* [Dataset records]:
***
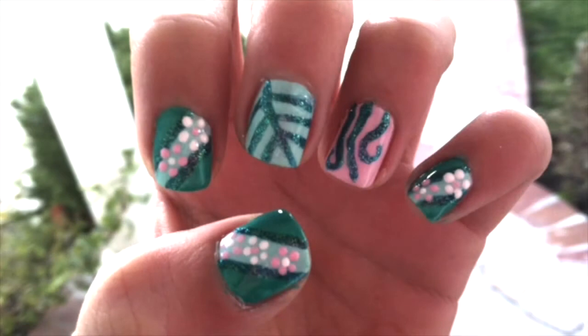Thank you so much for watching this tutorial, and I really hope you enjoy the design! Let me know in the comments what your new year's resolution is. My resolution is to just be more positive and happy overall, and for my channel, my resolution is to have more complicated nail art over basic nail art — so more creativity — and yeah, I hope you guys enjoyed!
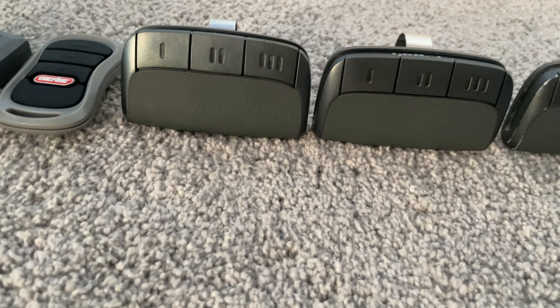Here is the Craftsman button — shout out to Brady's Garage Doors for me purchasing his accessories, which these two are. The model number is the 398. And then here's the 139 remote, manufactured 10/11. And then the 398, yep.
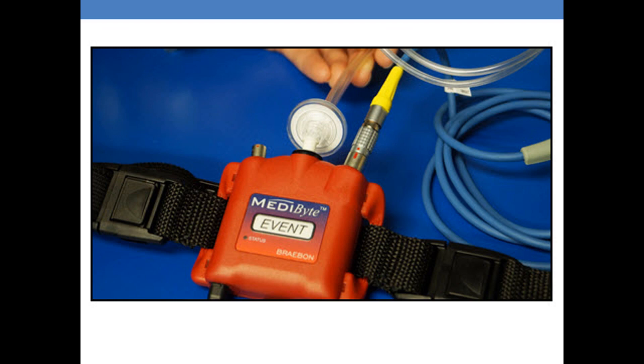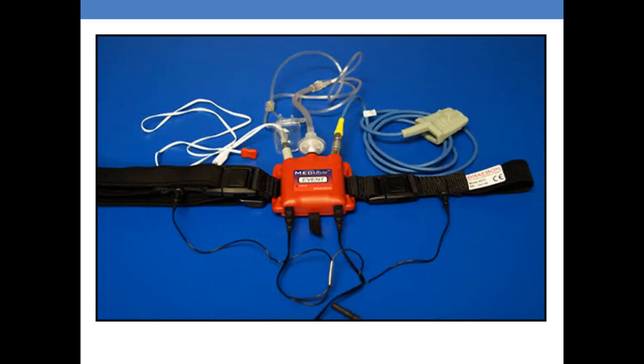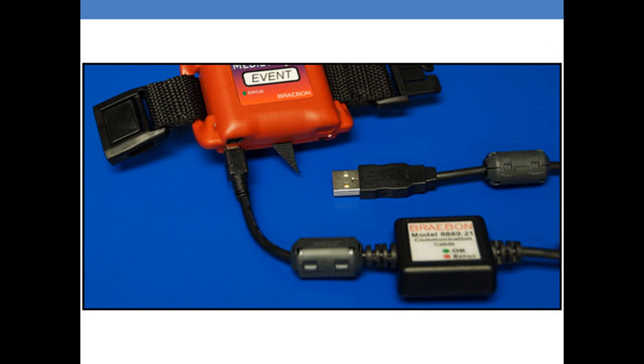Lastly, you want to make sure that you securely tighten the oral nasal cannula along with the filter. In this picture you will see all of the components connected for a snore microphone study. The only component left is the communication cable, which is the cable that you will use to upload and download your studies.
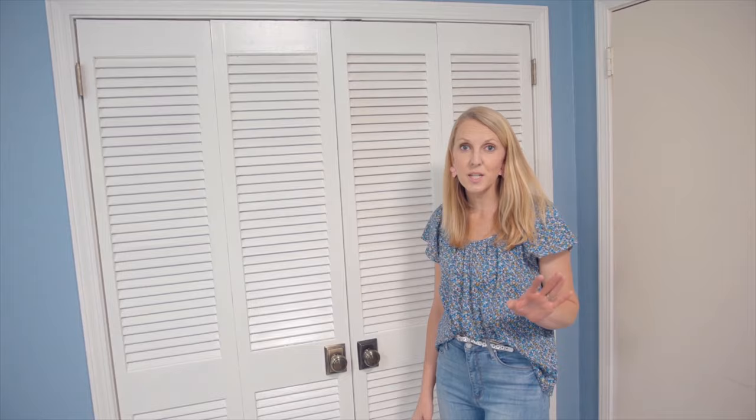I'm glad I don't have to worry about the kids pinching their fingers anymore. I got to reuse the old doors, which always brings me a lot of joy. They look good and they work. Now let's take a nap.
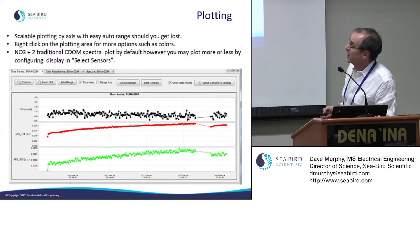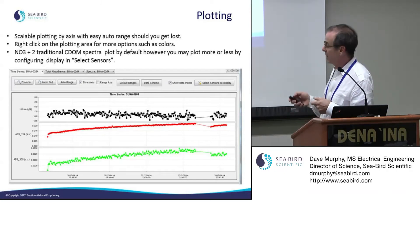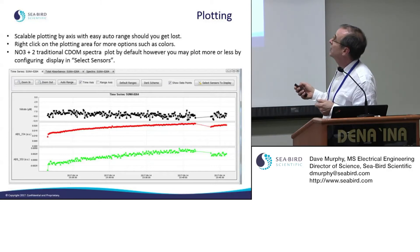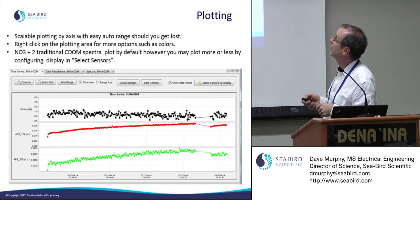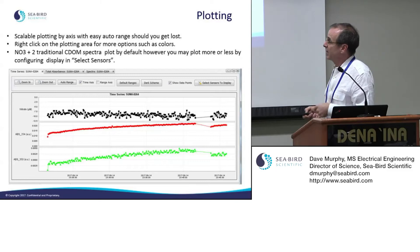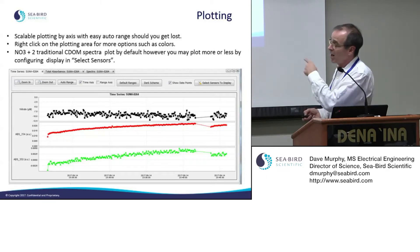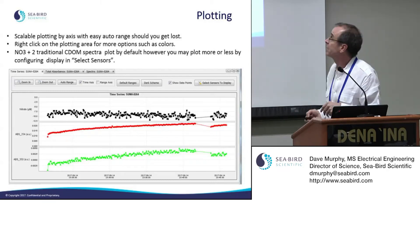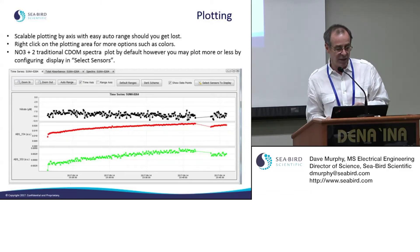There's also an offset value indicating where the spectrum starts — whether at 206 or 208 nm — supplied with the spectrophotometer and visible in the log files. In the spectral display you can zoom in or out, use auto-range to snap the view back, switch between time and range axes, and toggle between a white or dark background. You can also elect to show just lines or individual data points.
***
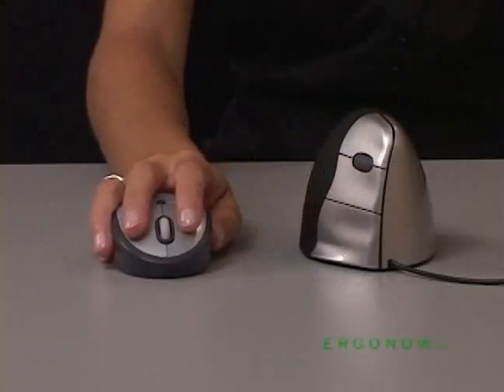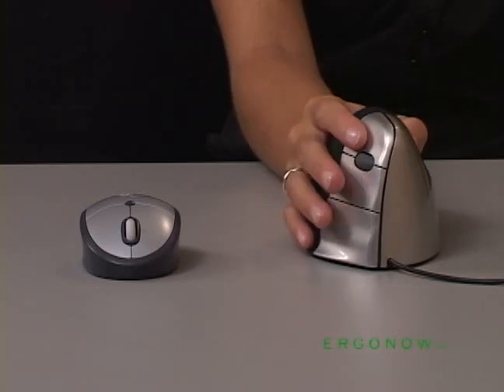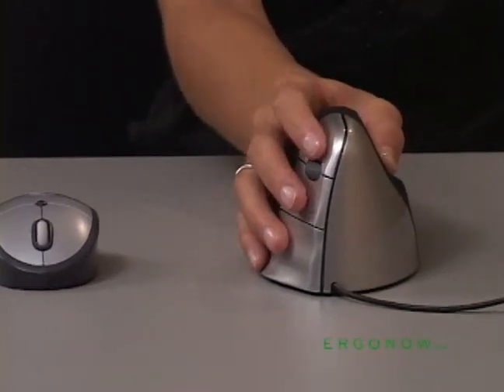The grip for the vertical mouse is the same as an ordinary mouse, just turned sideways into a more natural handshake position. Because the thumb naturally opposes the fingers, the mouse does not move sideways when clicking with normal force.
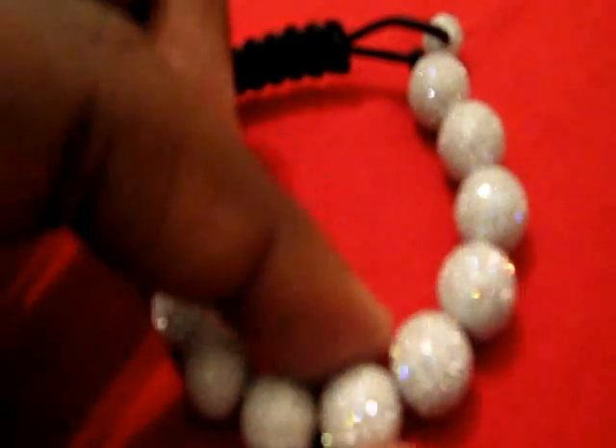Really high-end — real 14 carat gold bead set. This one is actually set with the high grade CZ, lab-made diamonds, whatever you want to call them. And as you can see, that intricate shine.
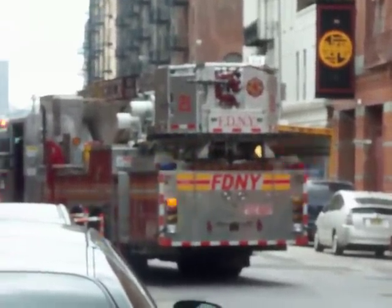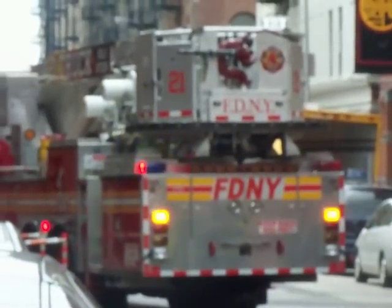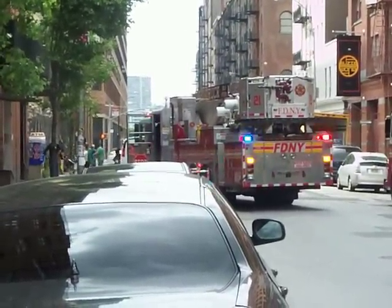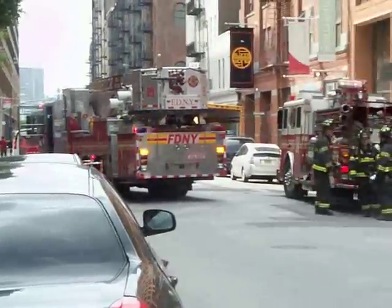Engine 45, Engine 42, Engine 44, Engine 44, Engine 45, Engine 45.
***
In the listing above, find the line with "Thank you so" and the line with "I'm glad I don't". Set down exactly those lines and everything between them, skipping pictures.

Thank you so much for watching this tutorial, and I really hope you enjoy the design! Let me know in the comments what your new year's resolution is. My resolution is to just be more positive and happy overall, and for my channel, my resolution is to have more complicated nail art over basic nail art — so more creativity — and yeah, I hope you guys enjoyed!
Here is the Craftsman button — shout out to Brady's Garage Doors for me purchasing his accessories, which these two are. The model number is the 398. And then here's the 139 remote, manufactured 10/11. And then the 398, yep.
Lastly, you want to make sure that you securely tighten the oral nasal cannula along with the filter. In this picture you will see all of the components connected for a snore microphone study. The only component left is the communication cable, which is the cable that you will use to upload and download your studies.
I'm glad I don't have to worry about the kids pinching their fingers anymore. I got to reuse the old doors, which always brings me a lot of joy. They look good and they work. Now let's take a nap.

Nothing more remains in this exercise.